Gao Michael C, Martin Paul B, Motal Julius, Gingras Laura F, Chai Christina, Maikoff Megan E, Sarkisian Alex M, Rosenthal Nadine, Eiss Brian M
NewYork-Presbyterian Hospital, New York (Drs Gao, Martin, Gingras, Chai, Rosenthal, and Eiss, Mr Motal, and Ms Maikoff); Department of Medicine (Drs Gao, Martin, Gingras, Chai, and Eiss), Division of General Internal Medicine, Section of Hospital Medicine (Drs Gao and Martin), Division of General Internal Medicine, Section of Ambulatory Medicine (Drs Gingras and Eiss), and Division of Geriatrics and Palliative Medicine (Dr Eiss), Weill Cornell Medical College, New York; and Tulane University School of Medicine, New Orleans, Louisiana (Dr Sarkisian).
Qual Manag Health Care. 2018 Apr/Jun;27(2):63-68. doi: 10.1097/QMH.0000000000000168.
To design and implement a discharge timeout checklist, and to assess its effects on patients' understanding as well as the potential impact on preventable medical errors surrounding hospital discharges to home.
Based on the structure successfully used for surgical procedures and using the Model for Improvement framework, we designed a discharge checklist to review and assess patients' understanding of discharge medications, catheters, home care plans, follow-up, symptoms, and who to call with problems after discharge. In parallel, we developed a process of integrating the checklist into the discharge process after routine discharge procedures were completed. We used the checklists to assess patients' level of understanding and need for additional education as well as changes in discharge documentation; we also noted whether good catches of significant errors in the discharge process occurred.
Over 6 months of study, 190 discharge timeouts out of 429 eligible discharges were completed. Additional education was provided in 53 of 190 discharge timeouts (27.8%), with 62% of this education being related to medications. Twenty-one (11.1%) discharge timeouts resulted in at least one change to the discharge documentation or a good catch.
A multidisciplinary discharge timeout directly involving the patient can be effective in targeting additional areas for patient education and in potentially reducing preventable adverse events.

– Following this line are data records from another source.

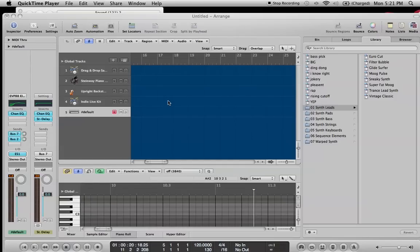What's up YouTube, this is Mousetrap Kids with another tutorial. This time I'm going to focus on the ES1 synth and making a kind of house type sine wave pitch bendy lead.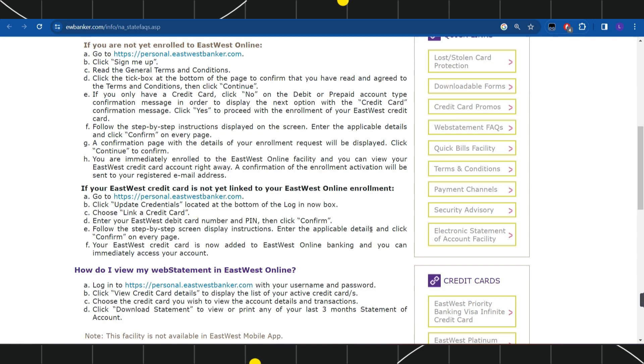Enter the applicable details and click confirm on each page. Once done, your East West credit card is now added to East West online banking and you can immediately access your account. This way you would be able to easily activate it.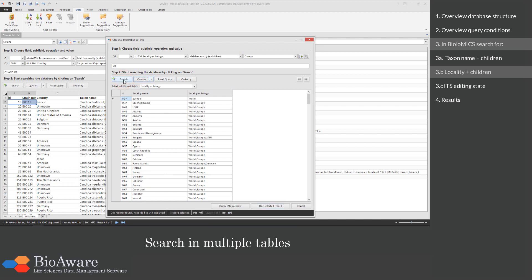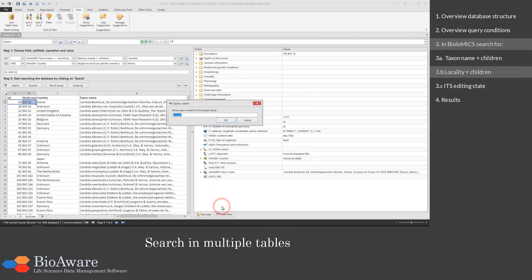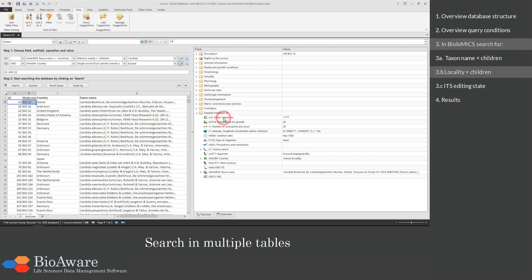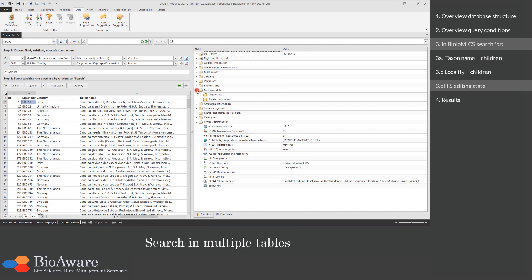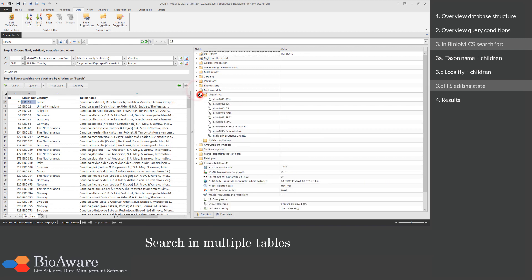We found 242 records and we will add them all to the query. The last condition is to search in the ITS sequence field.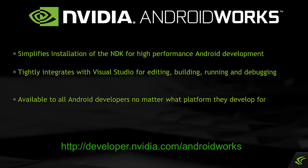NVIDIA Android Works. Simplifies the installation of the NDK for high-performance Android development. Tightly integrates with Visual Studio for editing, building, running, and debugging. Available now to all Android developers, no matter what platform they develop for.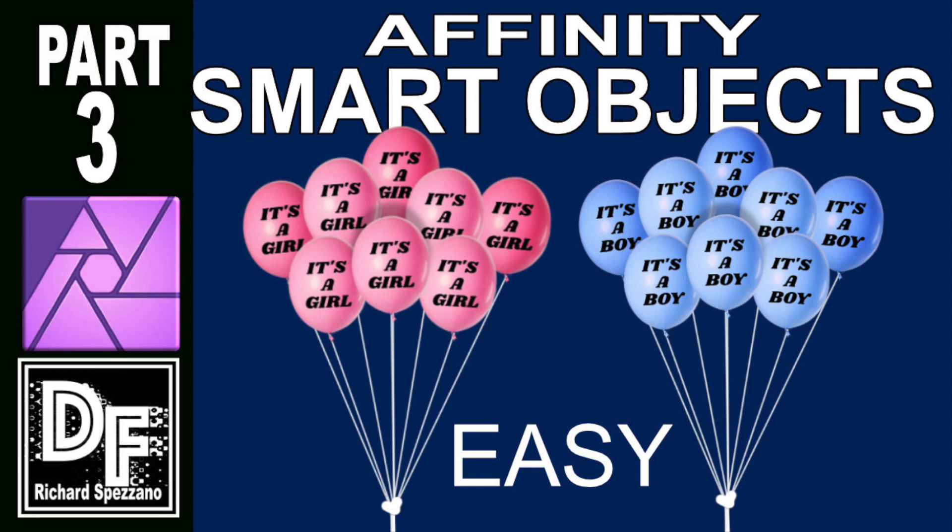Hi, Rich Spisano here from Digitally Feelers, and this is my third in a series of smart objects with Affinity Photo.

设计并实施一份出院超时检查表,评估其对患者理解情况的影响以及对围绕出院回家的可预防医疗差错的潜在影响。
基于成功用于外科手术的结构,并采用改进模型框架,我们设计了一份出院检查表,以审查和评估患者对出院用药、导管、家庭护理计划、随访、症状以及出院后出现问题时应联系何人等方面的理解。同时,我们制定了一个在常规出院程序完成后将检查表纳入出院流程的过程。我们使用检查表评估患者的理解水平和额外教育需求以及出院文件的变化;我们还记录了出院过程中重大差错是否被有效发现。
在6个月的研究期间,429例符合条件的出院病例中完成了190例出院超时检查。190例出院超时检查中有53例(27.8%)提供了额外教育,其中62%的教育与用药有关。21例(11.1%)出院超时检查导致出院文件至少有一处更改或有效发现了差错。
直接让患者参与的多学科出院超时检查在确定患者额外教育的其他领域以及潜在减少可预防不良事件方面可能是有效的。